By Kent Williams, Iowa City

The recent resignation of adjunct professor Jeff Klinzman from Kirkwood Community College has focused attention on the activist group antifa. On Aug. 22, KCRG’s Jeff Scheinblum aired an investigative report, digging up comments by Klinzman on Facebook that some people might find offensive, but the headline was Klinzman’s claim that he was antifa.

Antifa (short for anti-fascist) is a leaderless collection of people who communicate via social media and show up to oppose demonstrations by white supremacists and neo-Nazi groups. There is no organization and no manifesto except that they oppose fascism. There have been highly publicized incidents where antifa has had charged encounters with the groups they oppose, and more humorous incidents where public figures associated with racist and fascist groups are doused with milkshakes.

There is also a curious anti-antifa movement fueled by stories from Fox News and Breitbart.
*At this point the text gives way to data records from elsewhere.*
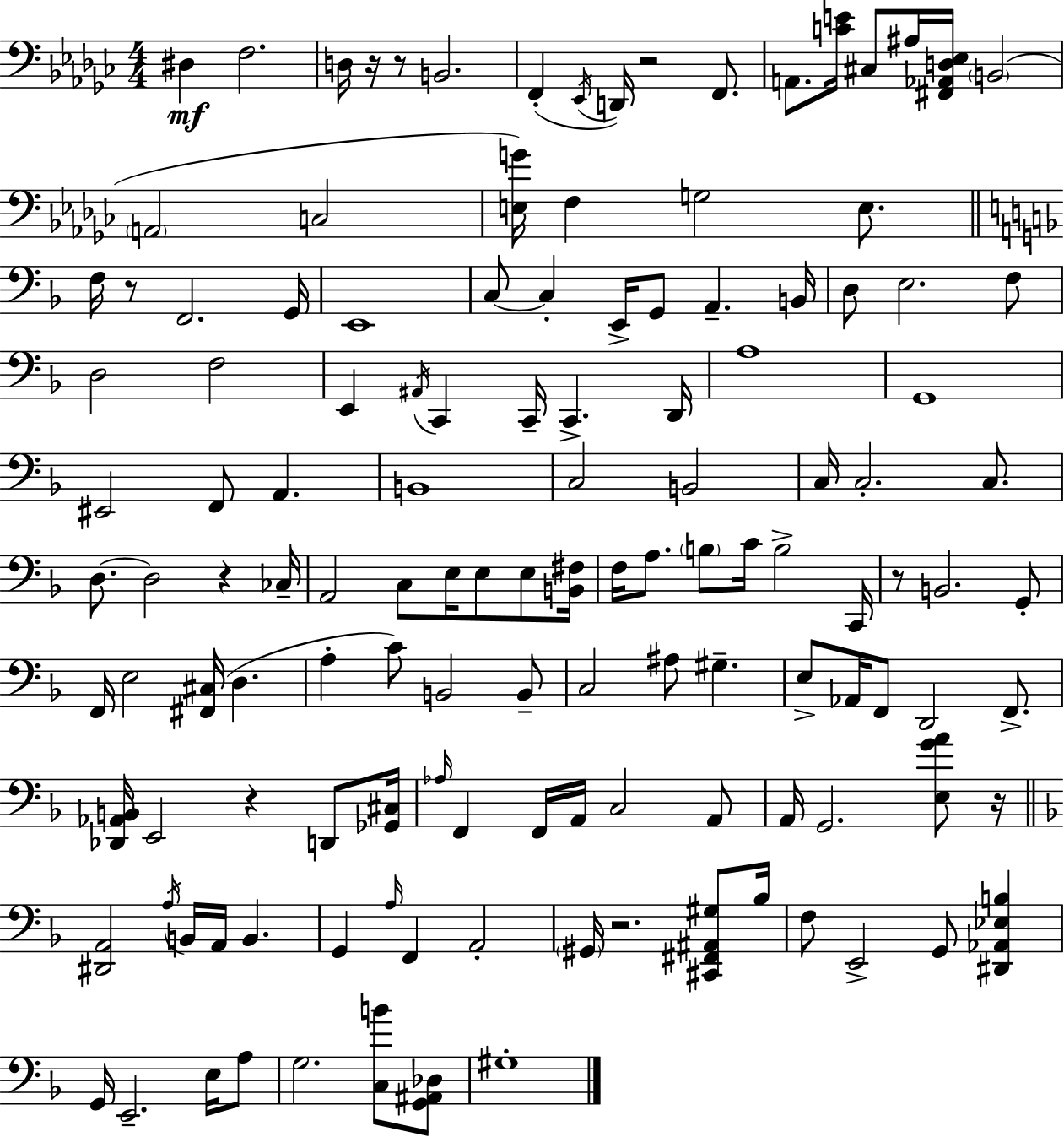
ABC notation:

X:1
T:Untitled
M:4/4
L:1/4
K:Ebm
^D, F,2 D,/4 z/4 z/2 B,,2 F,, _E,,/4 D,,/4 z2 F,,/2 A,,/2 [CE]/4 ^C,/2 ^A,/4 [^F,,_A,,D,_E,]/4 B,,2 A,,2 C,2 [E,G]/4 F, G,2 E,/2 F,/4 z/2 F,,2 G,,/4 E,,4 C,/2 C, E,,/4 G,,/2 A,, B,,/4 D,/2 E,2 F,/2 D,2 F,2 E,, ^A,,/4 C,, C,,/4 C,, D,,/4 A,4 G,,4 ^E,,2 F,,/2 A,, B,,4 C,2 B,,2 C,/4 C,2 C,/2 D,/2 D,2 z _C,/4 A,,2 C,/2 E,/4 E,/2 E,/2 [B,,^F,]/4 F,/4 A,/2 B,/2 C/4 B,2 C,,/4 z/2 B,,2 G,,/2 F,,/4 E,2 [^F,,^C,]/4 D, A, C/2 B,,2 B,,/2 C,2 ^A,/2 ^G, E,/2 _A,,/4 F,,/2 D,,2 F,,/2 [_D,,_A,,B,,]/4 E,,2 z D,,/2 [_G,,^C,]/4 _A,/4 F,, F,,/4 A,,/4 C,2 A,,/2 A,,/4 G,,2 [E,GA]/2 z/4 [^D,,A,,]2 A,/4 B,,/4 A,,/4 B,, G,, A,/4 F,, A,,2 ^G,,/4 z2 [^C,,^F,,^A,,^G,]/2 _B,/4 F,/2 E,,2 G,,/2 [^D,,_A,,_E,B,] G,,/4 E,,2 E,/4 A,/2 G,2 [C,B]/2 [G,,^A,,_D,]/2 ^G,4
Even the president has said he’s thinking of designating antifa as a terrorist organization.

Scheinblum’s KCRG piece seizes on antifa as bogeymen, and used the term as a way to call Klinzman’s opinions into question.
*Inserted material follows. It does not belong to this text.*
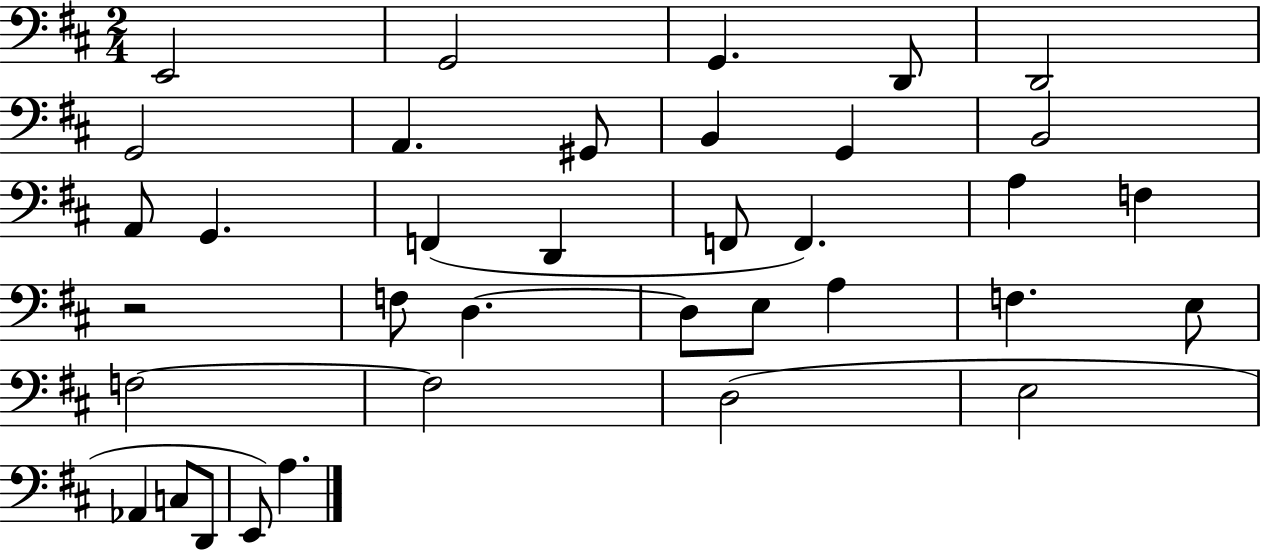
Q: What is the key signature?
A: D major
After the story ran, and was picked up by Fox News, the Chronicle of Higher Education and other national media outlets, Kirkwood took away Klinzman’s fall class and he resigned. Kirkwood President Lori Sundberg said removing Klinzman from the classroom was due to safety concerns for students, faculty and staff. What she didn’t say was where the threat to safety was coming from. In a recent Gazette article, Klinzman says the Kirkwood administrators told him, “they were getting thousands of complaints. They were getting threats. People were threatening to burn down the college.”

Why are so many people so upset about antifa? Antifa has never been a threat to the general public, unlike the people they oppose. The overwhelming majority of domestic terrorism attacks in the United States are committed by neo-Nazis and white supremacists. One can certainly question antifa’s tactics, but making the argument that there is a moral equivalence between throwing a milkshake at someone and committing mass murder in a church is just crazy.

Opposing fascism isn’t something you need to do with baseball bats or milkshakes in the streets, but it is essential to the survival of democracy in the United States. It has never been as important as it is now. The president of the United States has encouraged white supremacists and neo-Nazis. He will deny it and claim that he is “the least racist person anywhere in the world.” But if you ask white supremacists and Nazis, they’ll tell you openly that he is encouraging them with what he says and what he does as president.

“Is Jeff Klinzman antifa?” is the wrong question to ask. The right question is “Why am I not antifa?” Do you support the Ku Klux Klan, the Proud Boys and the Aryan Nation, or do you oppose them? In 1770, philosopher Edmund Burke wrote, “When bad men combine, the good must associate; else they will fall, one by one, an unpitied sacrifice in a contemptible struggle.”

Burke’s words were relevant in his time, during the Second World War, and are still today. The difference between 1938 and today is that we live in a world where the news media and popular conservative figures are quicker to vilify those who oppose fascists than they are to condemn the fascists themselves. So let me ask again: Why are you not antifa?